Check out a fascinating photo gallery of images from their trip, exclusive to the Los Angeles Times.

The two were on hand as Charlotte Brower became the first female mayor for Alaska’s North Borough, a regional municipality that covers the north part of the state, a vast terrain with only eight small communities comprising about 10,000 mostly Inupiat Eskimos. The North Borough mayoralty, including the town of Barrow, has significant influence regarding federal decisions about offshore oil drilling and other resource uses affecting the area.

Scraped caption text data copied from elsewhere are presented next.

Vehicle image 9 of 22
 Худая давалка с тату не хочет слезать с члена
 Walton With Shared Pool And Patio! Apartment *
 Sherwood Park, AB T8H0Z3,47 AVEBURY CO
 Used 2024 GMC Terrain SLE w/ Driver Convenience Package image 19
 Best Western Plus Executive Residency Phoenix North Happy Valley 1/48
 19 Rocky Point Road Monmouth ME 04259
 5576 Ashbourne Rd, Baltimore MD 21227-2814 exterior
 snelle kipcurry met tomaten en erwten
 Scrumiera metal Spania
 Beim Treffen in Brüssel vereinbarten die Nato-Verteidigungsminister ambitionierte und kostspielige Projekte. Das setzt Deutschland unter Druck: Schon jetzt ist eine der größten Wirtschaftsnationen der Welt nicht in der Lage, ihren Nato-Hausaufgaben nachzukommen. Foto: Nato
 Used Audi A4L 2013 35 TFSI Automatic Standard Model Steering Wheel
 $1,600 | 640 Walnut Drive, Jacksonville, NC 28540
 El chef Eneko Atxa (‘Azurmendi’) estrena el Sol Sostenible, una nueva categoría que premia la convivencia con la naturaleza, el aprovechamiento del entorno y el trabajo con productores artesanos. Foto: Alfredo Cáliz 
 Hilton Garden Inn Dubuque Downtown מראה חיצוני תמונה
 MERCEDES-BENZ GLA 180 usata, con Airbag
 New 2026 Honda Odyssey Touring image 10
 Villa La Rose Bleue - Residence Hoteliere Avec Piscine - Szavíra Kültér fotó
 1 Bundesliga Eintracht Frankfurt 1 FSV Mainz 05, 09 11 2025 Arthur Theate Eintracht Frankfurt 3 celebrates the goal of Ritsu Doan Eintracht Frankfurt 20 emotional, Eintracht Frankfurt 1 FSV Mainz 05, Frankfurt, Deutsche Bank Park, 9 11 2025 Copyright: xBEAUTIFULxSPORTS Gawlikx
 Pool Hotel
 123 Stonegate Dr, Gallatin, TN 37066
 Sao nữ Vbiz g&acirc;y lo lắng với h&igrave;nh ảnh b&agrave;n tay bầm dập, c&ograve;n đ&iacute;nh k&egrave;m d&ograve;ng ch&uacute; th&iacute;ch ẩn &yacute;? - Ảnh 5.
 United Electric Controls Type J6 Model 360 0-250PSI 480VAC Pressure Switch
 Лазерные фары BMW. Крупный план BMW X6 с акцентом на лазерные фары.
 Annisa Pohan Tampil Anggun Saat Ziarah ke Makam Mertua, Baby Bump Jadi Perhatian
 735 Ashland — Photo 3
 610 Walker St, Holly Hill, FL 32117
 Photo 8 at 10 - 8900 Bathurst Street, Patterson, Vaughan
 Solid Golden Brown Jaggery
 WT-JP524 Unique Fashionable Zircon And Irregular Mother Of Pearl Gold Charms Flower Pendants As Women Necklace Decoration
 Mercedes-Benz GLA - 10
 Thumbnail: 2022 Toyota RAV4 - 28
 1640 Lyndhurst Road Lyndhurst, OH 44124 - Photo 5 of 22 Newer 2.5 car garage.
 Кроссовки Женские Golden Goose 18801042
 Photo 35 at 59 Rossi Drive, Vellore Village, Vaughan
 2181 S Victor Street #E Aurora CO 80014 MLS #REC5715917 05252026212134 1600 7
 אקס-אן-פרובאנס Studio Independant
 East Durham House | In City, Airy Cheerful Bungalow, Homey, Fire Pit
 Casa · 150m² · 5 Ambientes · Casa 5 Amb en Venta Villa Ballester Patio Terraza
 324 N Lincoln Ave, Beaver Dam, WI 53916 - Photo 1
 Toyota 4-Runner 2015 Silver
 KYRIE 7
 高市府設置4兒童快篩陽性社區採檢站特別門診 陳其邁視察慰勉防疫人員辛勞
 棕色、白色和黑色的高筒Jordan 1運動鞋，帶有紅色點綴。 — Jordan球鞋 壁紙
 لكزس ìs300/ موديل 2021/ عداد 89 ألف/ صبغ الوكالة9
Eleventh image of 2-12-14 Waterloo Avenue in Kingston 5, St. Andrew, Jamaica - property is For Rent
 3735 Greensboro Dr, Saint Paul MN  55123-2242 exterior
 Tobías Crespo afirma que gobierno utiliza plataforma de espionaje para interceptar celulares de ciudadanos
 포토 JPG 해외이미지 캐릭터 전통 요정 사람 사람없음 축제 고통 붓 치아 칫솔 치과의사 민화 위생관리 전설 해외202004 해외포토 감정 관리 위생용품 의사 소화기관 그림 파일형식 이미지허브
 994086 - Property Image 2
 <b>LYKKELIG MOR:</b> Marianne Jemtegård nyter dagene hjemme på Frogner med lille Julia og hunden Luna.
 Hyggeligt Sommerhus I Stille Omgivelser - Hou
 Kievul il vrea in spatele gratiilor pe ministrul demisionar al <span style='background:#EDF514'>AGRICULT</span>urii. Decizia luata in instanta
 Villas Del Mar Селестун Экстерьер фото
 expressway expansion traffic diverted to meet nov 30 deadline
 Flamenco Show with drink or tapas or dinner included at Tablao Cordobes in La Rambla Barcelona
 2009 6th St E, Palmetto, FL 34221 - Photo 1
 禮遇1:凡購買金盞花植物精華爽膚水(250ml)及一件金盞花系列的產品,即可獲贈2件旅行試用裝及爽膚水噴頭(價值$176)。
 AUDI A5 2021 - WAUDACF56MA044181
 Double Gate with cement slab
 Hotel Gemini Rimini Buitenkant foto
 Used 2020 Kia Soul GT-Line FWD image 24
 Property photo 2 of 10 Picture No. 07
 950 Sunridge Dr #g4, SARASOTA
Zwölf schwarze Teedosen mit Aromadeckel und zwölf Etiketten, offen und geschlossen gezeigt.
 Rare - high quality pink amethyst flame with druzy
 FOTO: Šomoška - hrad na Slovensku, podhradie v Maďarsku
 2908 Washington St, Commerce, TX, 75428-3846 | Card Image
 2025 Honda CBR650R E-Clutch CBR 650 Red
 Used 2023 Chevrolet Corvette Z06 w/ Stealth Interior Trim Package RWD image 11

Royal Dutch Shell has already received some permits to begin drilling in the Chukchi Sea in 2012 but has been dogged by resistance such as a 2007 lawsuit by outgoing mayor Edward Itta that challenged the environmental effects of drilling and any potential spill –- all very real in the wake of the large Exxon Valdez spill in Alaska in 1989 and BP’s Deepwater Horizon spill in the Gulf of Mexico in 2010.

Drilling in Arctic waters is subject to many technical hurdles, but receding ice packs resulting from global warming have made drilling more enticing.

Though Brower is expected to continue to have relatively friendly relations with Shell, ConocoPhillips and other oil companies who are looking to drill off the coast, there were marked differences between her and the second-place finisher, former five-term mayor George Ahmaogak Sr. Notably, Brower made a point of declaring that she was anti-drilling and the borough needs someone to “stand up to the oil companies.” Her husband works with the Alaska Eskimo Whaling Commission. Ahmaogak, who says he too is against drilling but wants to make sure the community continues to receive millions of dollars in oil revenue, was a former Alaska community affairs manager for Shell. In the North Borough, however, lines of allegiance are quite hard to draw; Ahmaogak’s wife is a former head of the whaling commission. Subsequently, the race was tight, with Brower winning 1,022 votes to Ahmaogak’s 960.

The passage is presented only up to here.